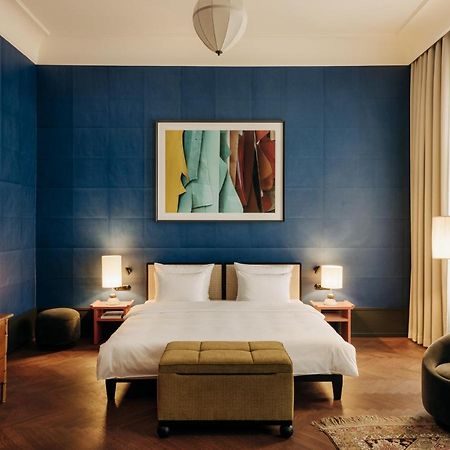 Boutique Hotel Chateau Royal Berlin Luaran gambar A bedroom at the hotel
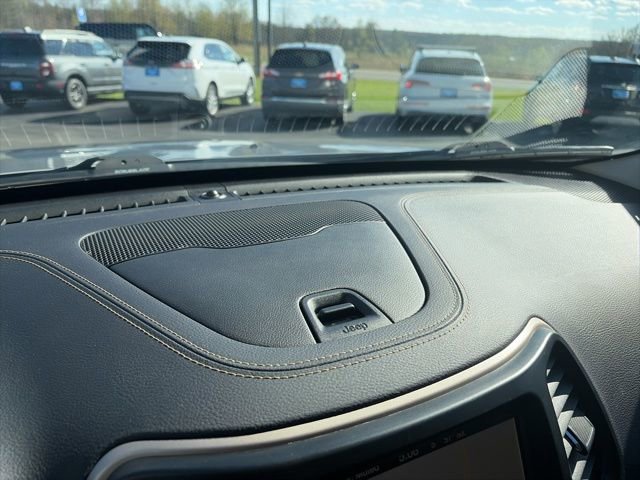 Used 2017 Jeep Cherokee Limited image 23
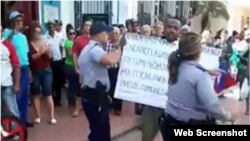 Un cubano protesta contra el gobierno en Cienfuegos.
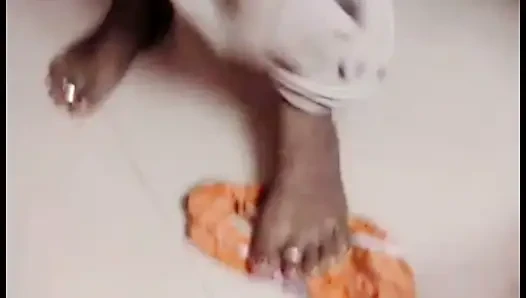 Desi tamilische ehefrau renu nasser nackter körper handtuch trocken &langsam sari-anziehen necken! Indianhotwifex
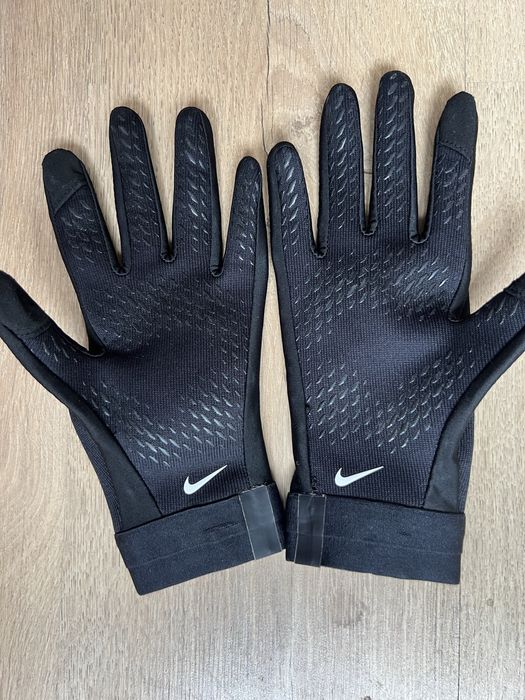 Nike Ръкавици.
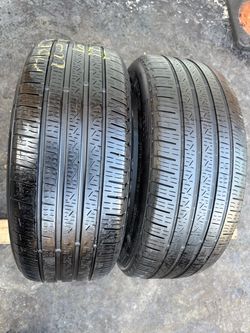 Set of 2 nice Runflat Pirelli Cinturato p7 225/45/18 ( We install & balance)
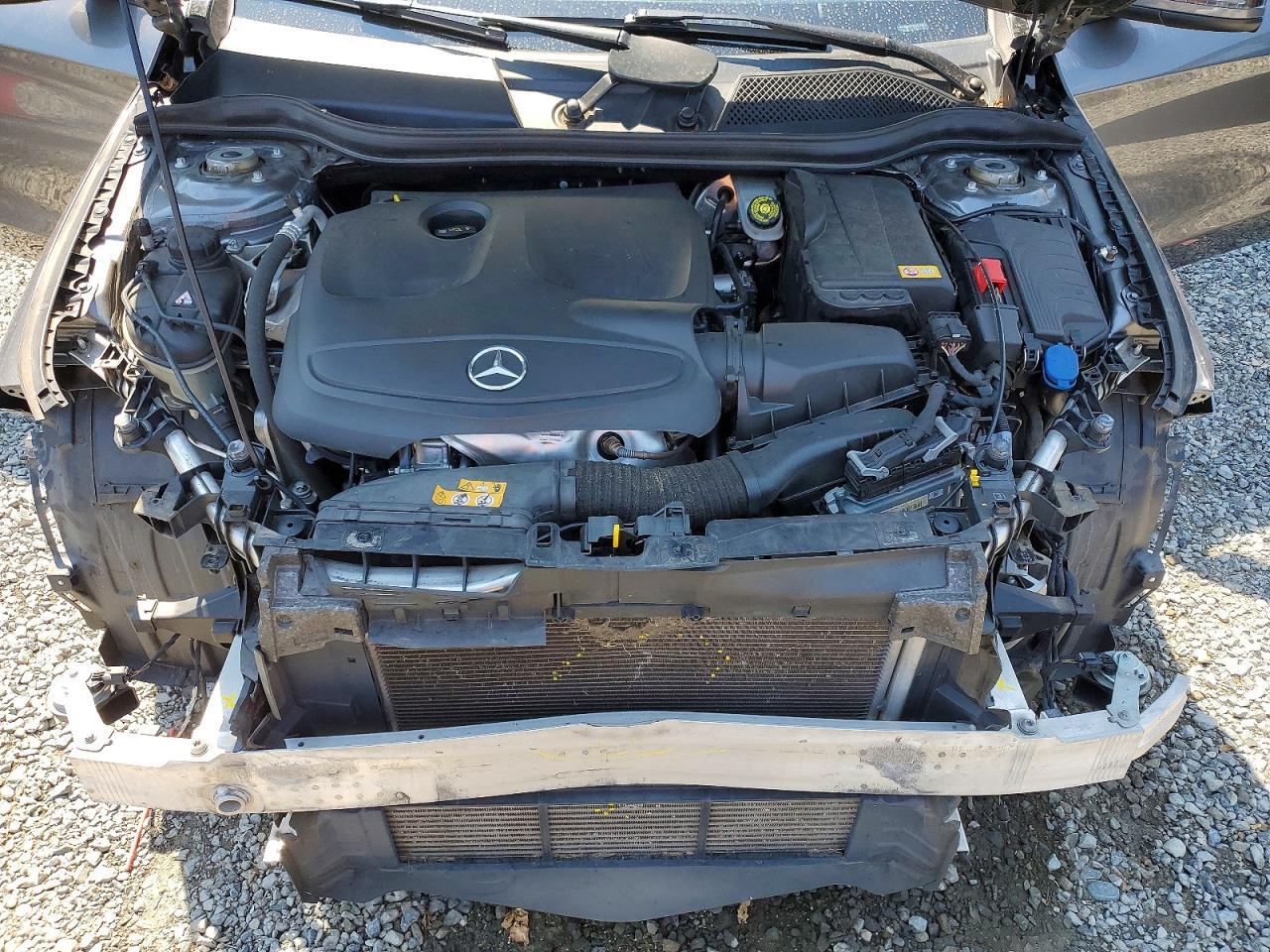 2014 MERCEDES-BENZ CLA 250 — Фото 11 из 13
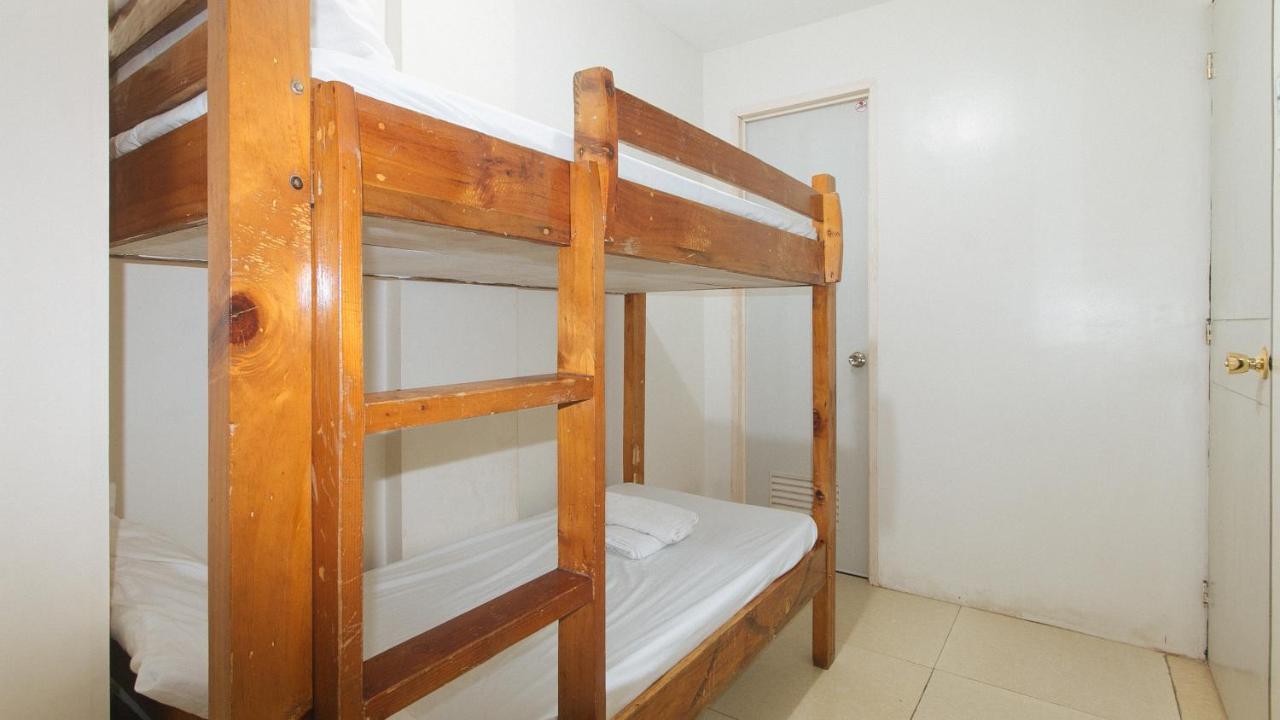 Nearest Hostel Pasay City By Reddoorz 외부 사진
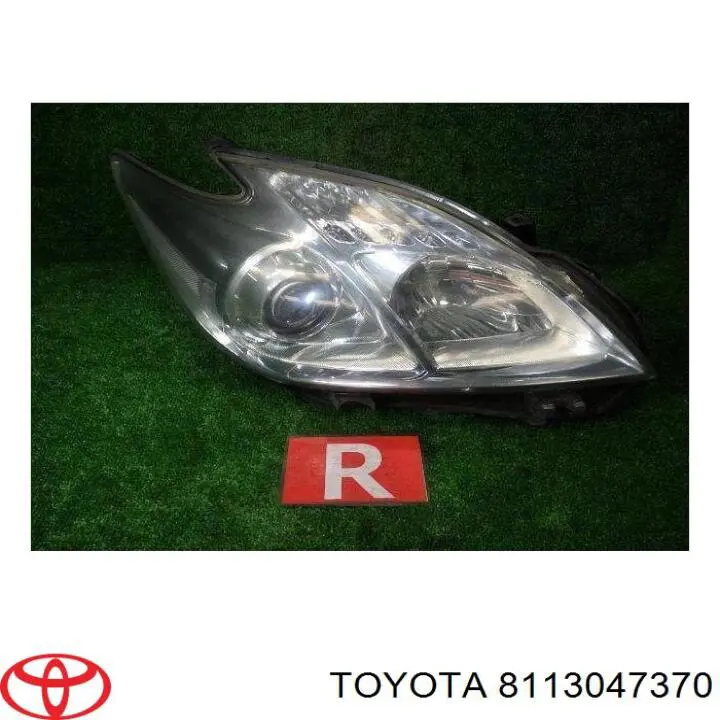 Фара правая 8113047370 Toyota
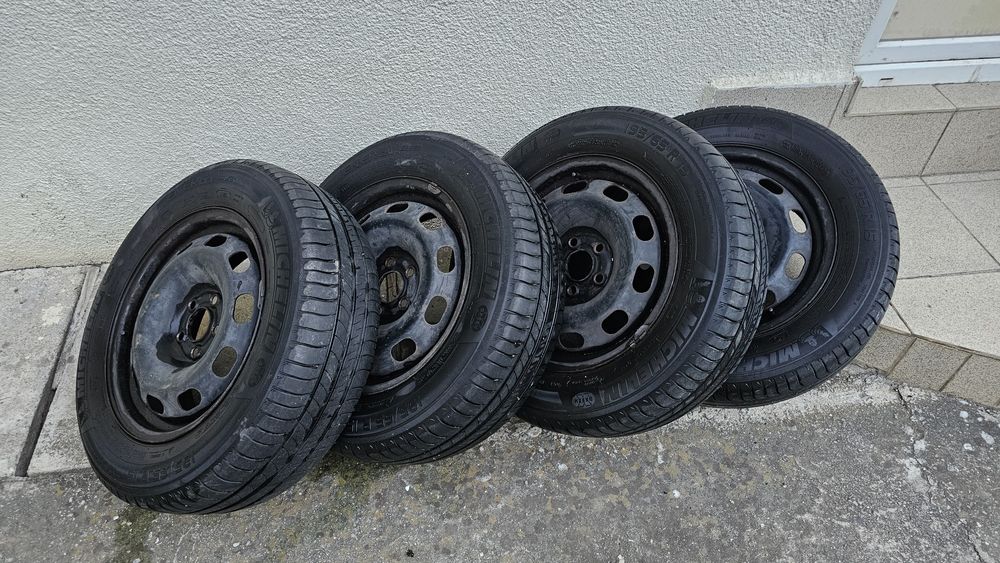 Jante tabla + cauciucuri Michelin R15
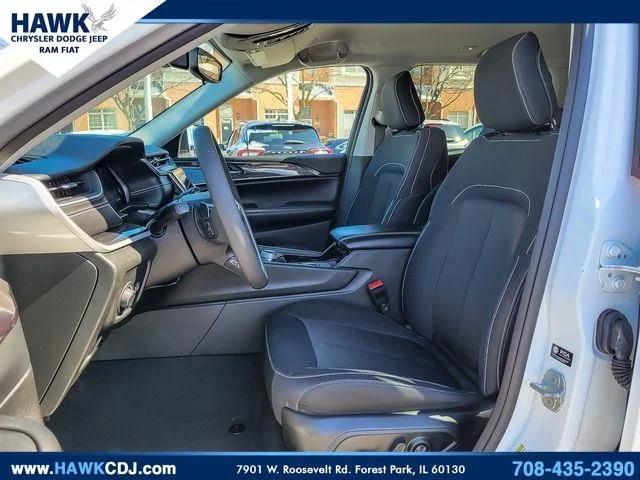 2023 Jeep Grand Cherokee Laredo 4x4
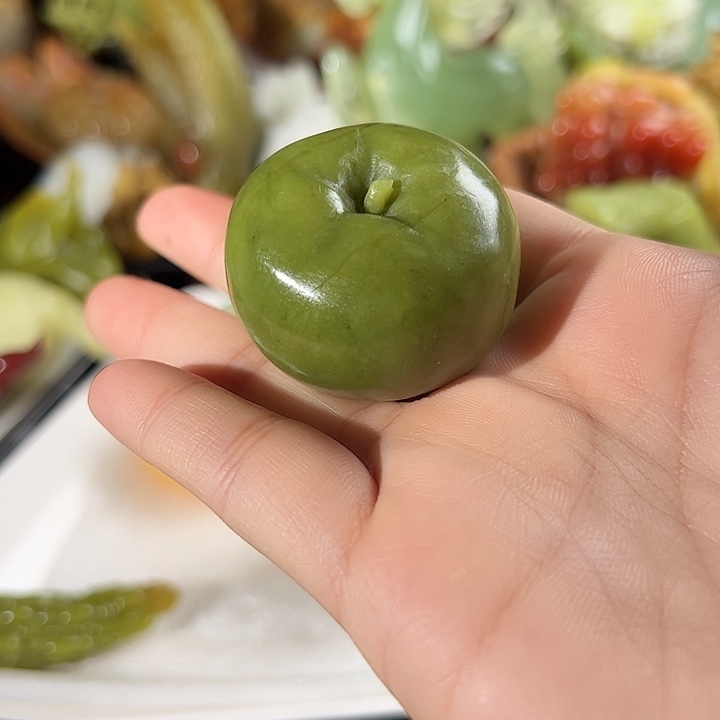 蛇纹石玉未镶嵌珠宝奇石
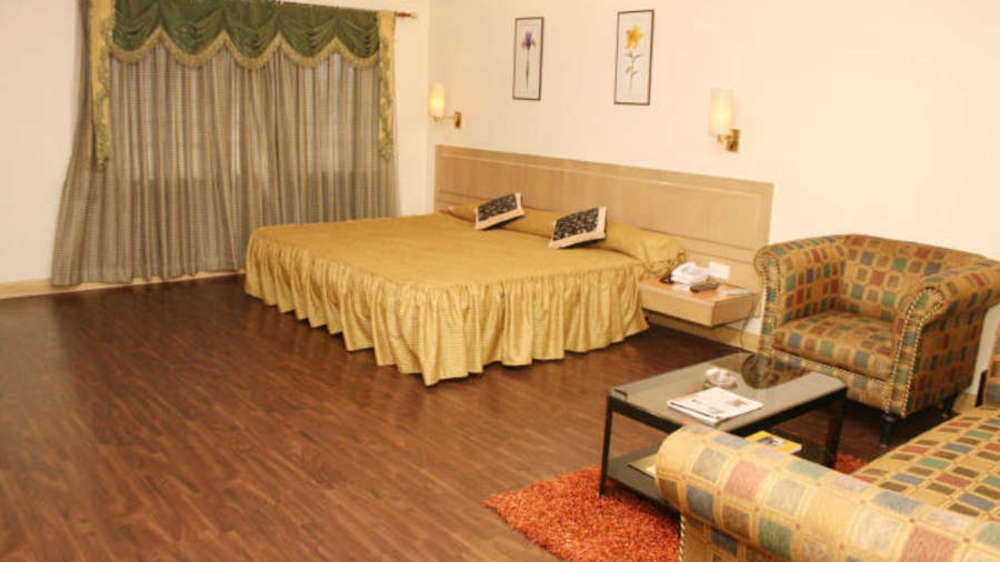 Vishwaratna Hotel Guwahati Dış mekan fotoğraf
***
Recreate the listing above word for word, dropping each picture it contains.

*Output of the exercise*.
 Boutique Hotel Chateau Royal Berlin Luaran gambar A bedroom at the hotel
 Used 2017 Jeep Cherokee Limited image 23
 Un cubano protesta contra el gobierno en Cienfuegos.
 Desi tamilische ehefrau renu nasser nackter körper handtuch trocken &langsam sari-anziehen necken! Indianhotwifex
 Nike Ръкавици.
 Set of 2 nice Runflat Pirelli Cinturato p7 225/45/18 ( We install & balance)
 2014 MERCEDES-BENZ CLA 250 — Фото 11 из 13
 Nearest Hostel Pasay City By Reddoorz 외부 사진
 Фара правая 8113047370 Toyota
 Jante tabla + cauciucuri Michelin R15
 2023 Jeep Grand Cherokee Laredo 4x4
 蛇纹石玉未镶嵌珠宝奇石
 Vishwaratna Hotel Guwahati Dış mekan fotoğraf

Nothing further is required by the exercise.